2. Paul was brought up in Cambridge but lived a short year of his childhood
in Princeton where his dad taught Physics….at age 5 Paul was left to “babysit”
his 2 younger brothers and decided to walk them several streets from home to a
library. His youngest brother changed his mind midway while crossing a busy
intersection and refused to budge. A friend of the family happened by and
scooped up and saved the 3 young children. Janet, Pauls mother said “Paul was
so mature at that age, he seemed fully capable of caring for his brothers”.
3. Paul teaches himself to read at age three while looking at old 78 RPM
records. His father said he was tired of reading the names to him and Paul
taught himself the names. By age 4, it is said, Paul would read the New York
Times while being driven to nursery school.
4. Paul, age 5, writes a note to his mother one day “ Dear Mom, I have gone
to Clinton’s house, but don’t be surprised if I’m home, because Clinton may not
be home”. She sends it to the New Yorker where he has his first piece of
writing published in the Talk of the Town column under the title “Logician”.
5. According to family legend, by third grade it is discovered that Paul
has an exceptional mind and is given an IQ test, the score is 180. His parents
move him to a private grammar school in Cambridge. He has trouble fitting in at
school no matter where he goes and once admitted that kids called him “spaz”
because his hand would fly up for every question.
Paul around the time his father left the family for Heidi Sitte. He felt the weight of having to be the responsible one now, even though he fought with his mother bitterly on most issues. He told me of her suicide attempt, with pills, after his father left.
6. In sixth grade Paul starts a newspaper, The Sunlight Herald.
7. At 15 he attends his first Science Fiction convention, soon after he
starts a Science Fiction Fanzine called “Within”.
8. Age 16, Paul graduates from Browne and Nichols and decides to go to
Swarthmore College. According to his mother he’d been offered a full
scholarship from Stanford, where his father and grandfather had both graduated,
but he turned
it down… “I didn’t want to be lured into the whole bay area music scene, I
was afraid I wouldn’t be able to concentrate on my school work.”

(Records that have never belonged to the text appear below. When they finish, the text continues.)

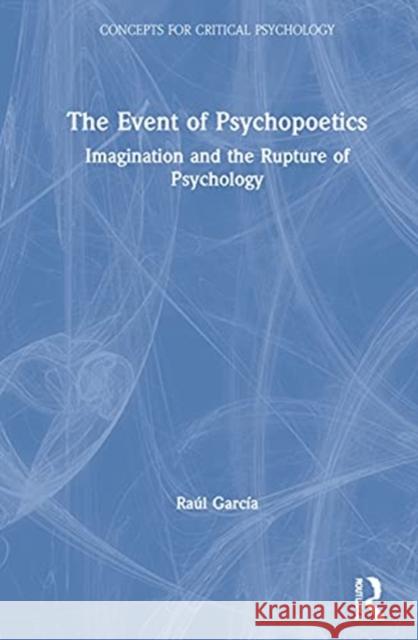 The Event of Psychopoetics: Imagination and the Rupture of Psychology Garc 9780367654023 Routledge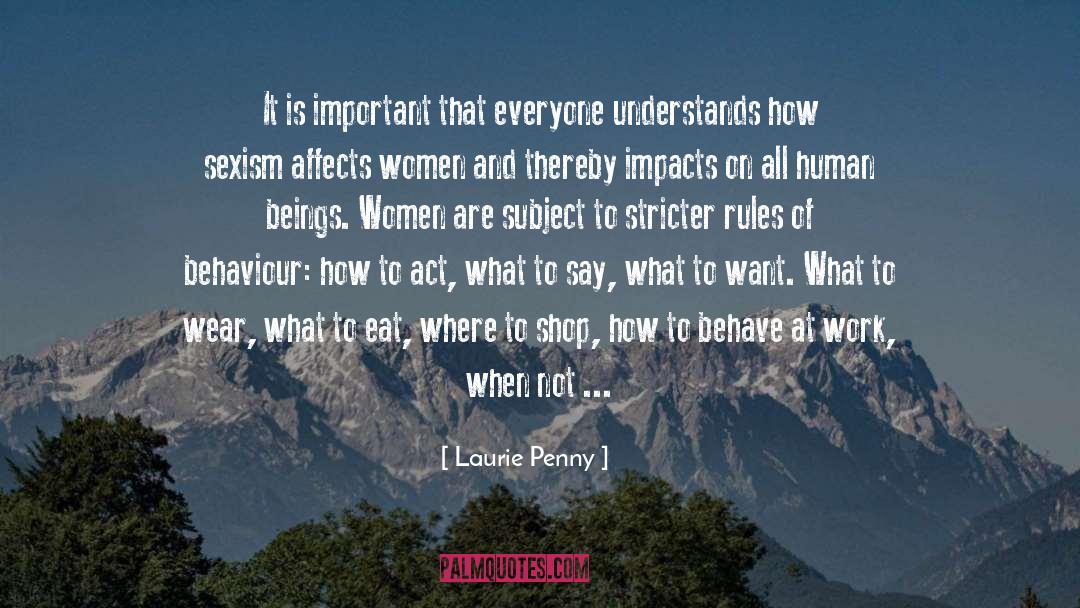 How To Act quotes by Laurie Penny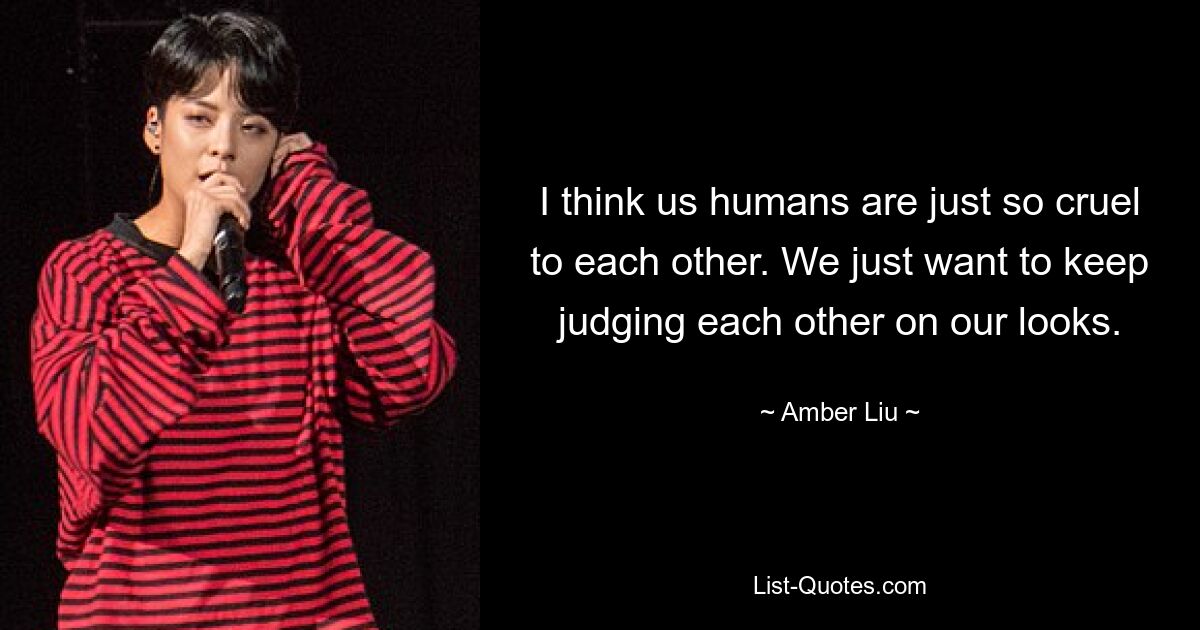 I think us humans are just so cruel to each other. We just want to keep judging each other on our looks. — © Amber Liu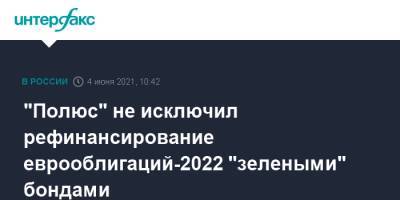 "Полюс" не исключил рефинансирование еврооблигаций-2022 "зелеными" бондами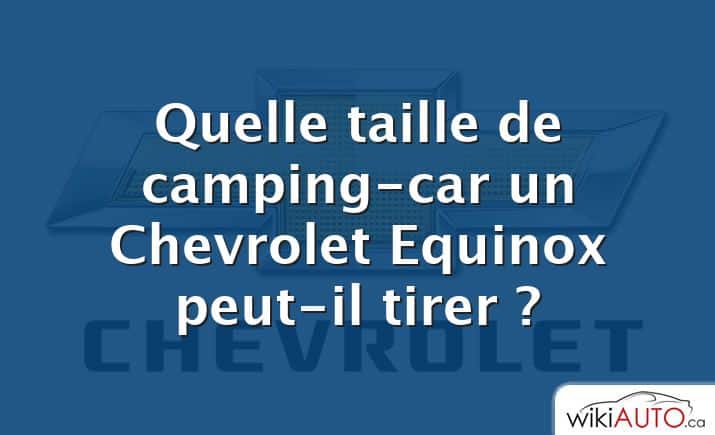 Quelle taille de camping-car un Chevrolet Equinox peut-il tirer ?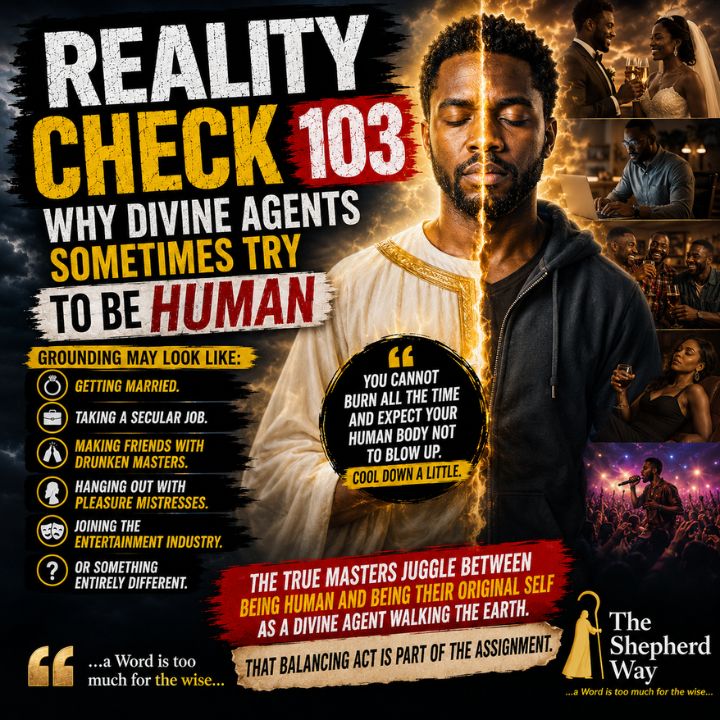 reality check 103 WHY DIVINE AGENTS SOMETIMES TRY TO BE HUMAN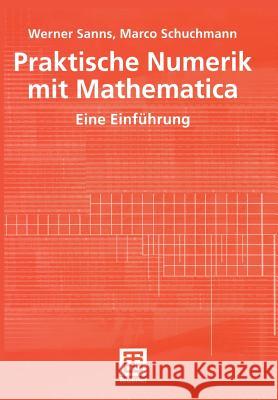 Praktische Numerik Mit Mathematica: Eine Einführung Sanns, Werner 9783519003489 Vieweg+teubner Verlag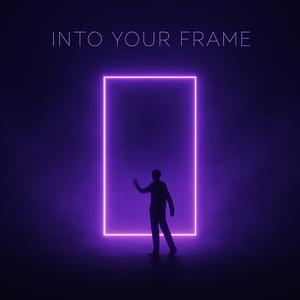 INTO YOUR FRAME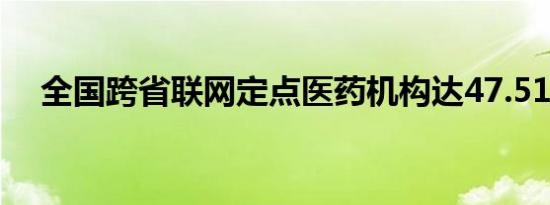 全国跨省联网定点医药机构达47.51万家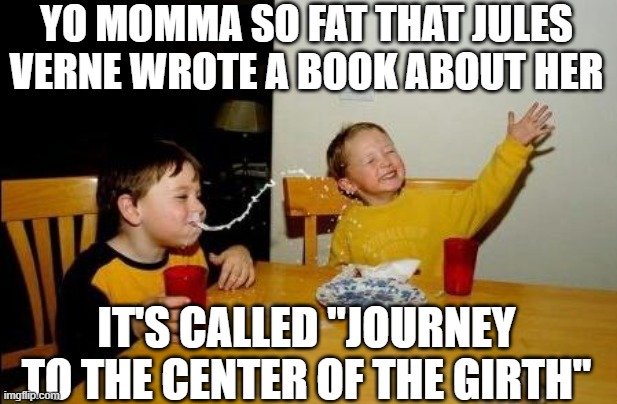 Jules Verne and yo Momma | YO MOMMA SO FAT THAT JULES VERNE WROTE A BOOK ABOUT HER; IT'S CALLED "JOURNEY TO THE CENTER OF THE GIRTH" | image tagged in yo momma so fat | made w/ Imgflip meme maker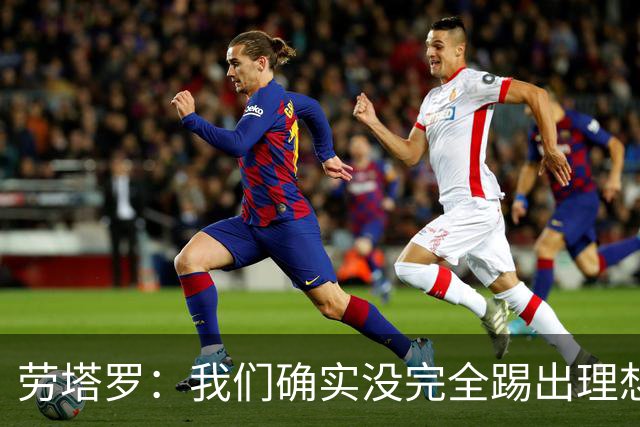 劳塔罗：我们确实没完全踢出理想状态，但球队始终没有失去耐心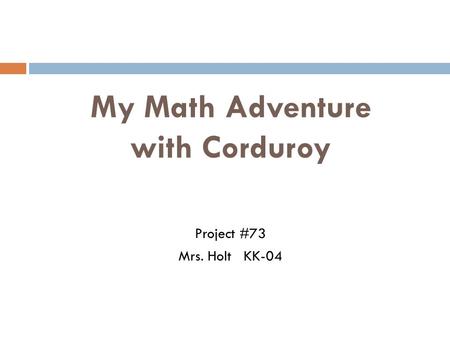 My Math Adventure with Corduroy Project #73 Mrs. Holt KK-04.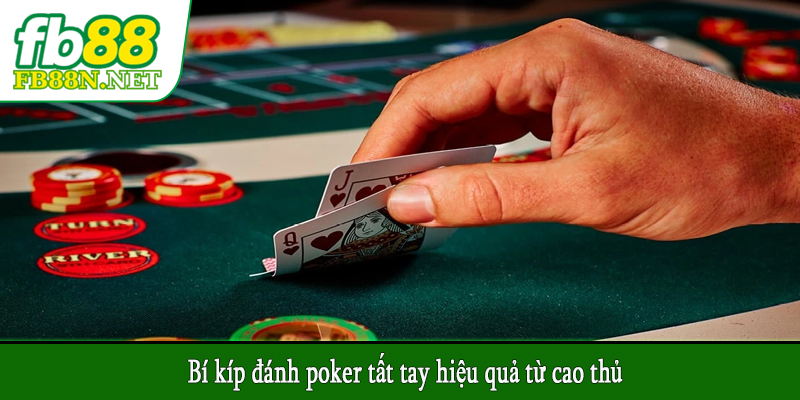 Bí kíp đánh poker tất tay hiệu quả từ cao thủ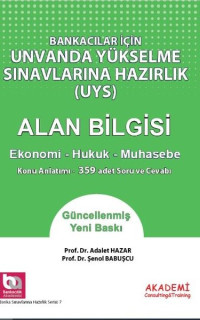 Bankacılar İçin Ünvanda Yükselme Sınavlarına Hazırlık UYS Para ve Bankacılık Bilgileri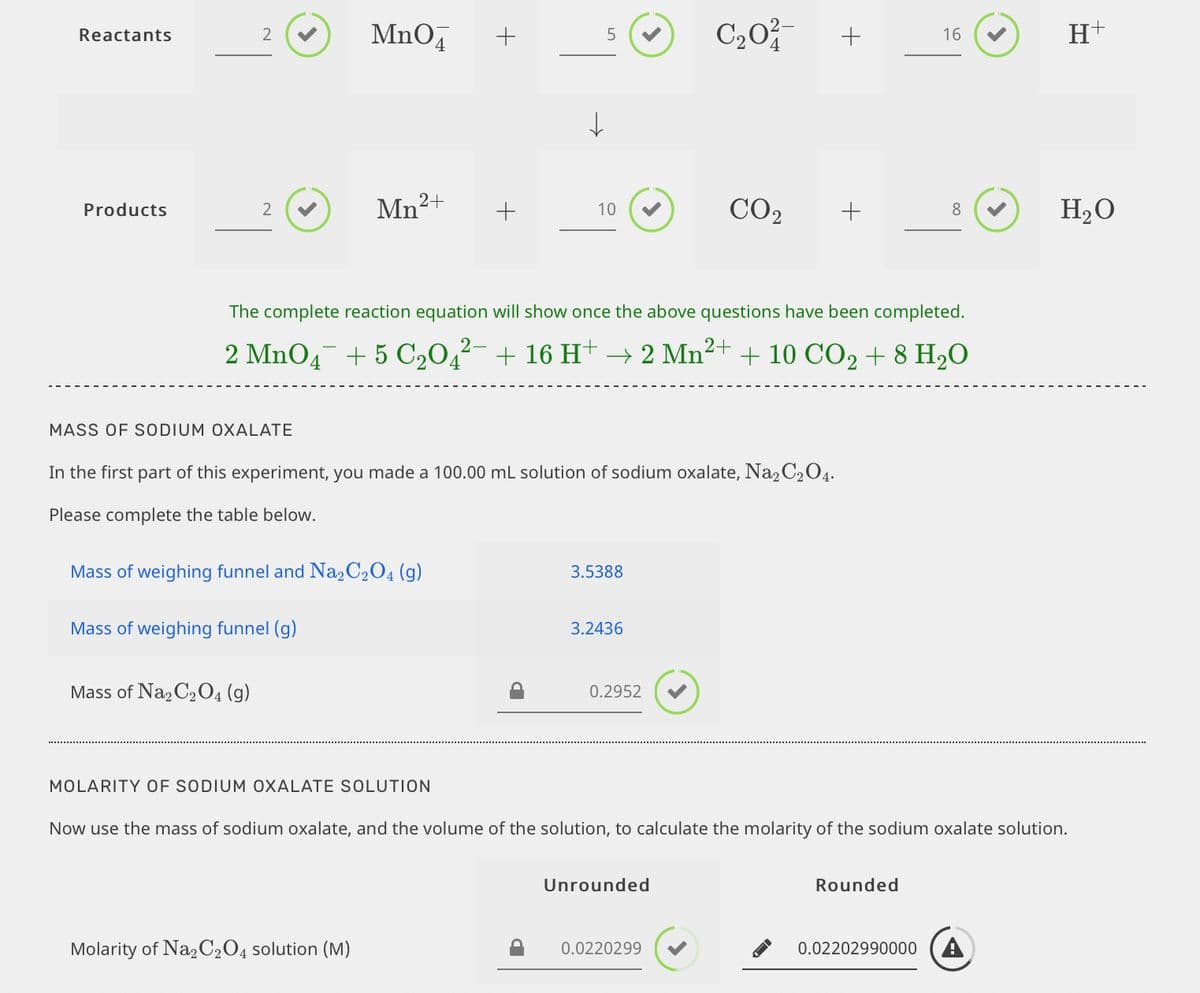 MnO4
C20
H+
Reactants
+
+
16
Mn2+
CO2
H2O
Products
2
10
+
8
The complete reaction equation will show once the above questions have been completed.
2 MnO4 + 5 C,0,²- + 16 H+ → 2 Mn²+ + 10 CO2 + 8 H2O
MASS OF SODIUM OXALATE
In the first part of this experiment, you made a 100.00 mL solution of sodium oxalate, Na2 C204.
Please complete the table below.
Mass of weighing funnel and Na2C2O4 (g)
3.5388
Mass of weighing funnel (g)
3.2436
Mass of Na, C2O4 (g)
0.2952
MOLARITY OF SODIUM OXALATE SOLUTION
Now use the mass of sodium oxalate, and the volume of the solution, to calculate the molarity of the sodium oxalate solution.
Unrounded
Rounded
Molarity of Na2C2O4 solution (M)
0.0220299
0.02202990000 (A
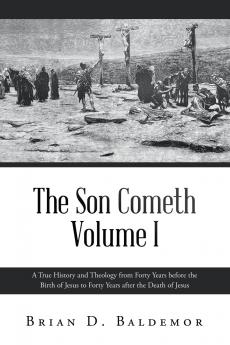 The Son Cometh Volume I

9. Paul becomes a DJ for the Swarthmore radio station. Paul has an
argument, a disagreement in philosophy class with his professor, the man gets
so riled up he threatens to kick Paul out of the class. Then Paul begins his
first issue of CRAWDADDY Magazine from his dorm, two fellow college students
contribute to the first issue. The name CRAWDADDY! came from Paul’s
admiration of the UK music club where the Rolling Stones got their start.
10. After the first mimeographed copy of CRAWDADDY! is printed, Paul gives
away as many copies as he can by hand, he receives a phone call at his dorm
from Paul Simon who thanks him for his wonderful writing on the single
“Homeward Bound” and praises him for writing intelligently about rock and roll.
11. One day while walking into his dorm a student yells out “Hey Williams!
You got a phone call from Bob Dylan”. Dylan had read the latest issue of
CRAWDADDY! and liking it invited Paul to come and hang out back stage at a show
on the Blonde on Blonde tour. He also offers Paul an interview.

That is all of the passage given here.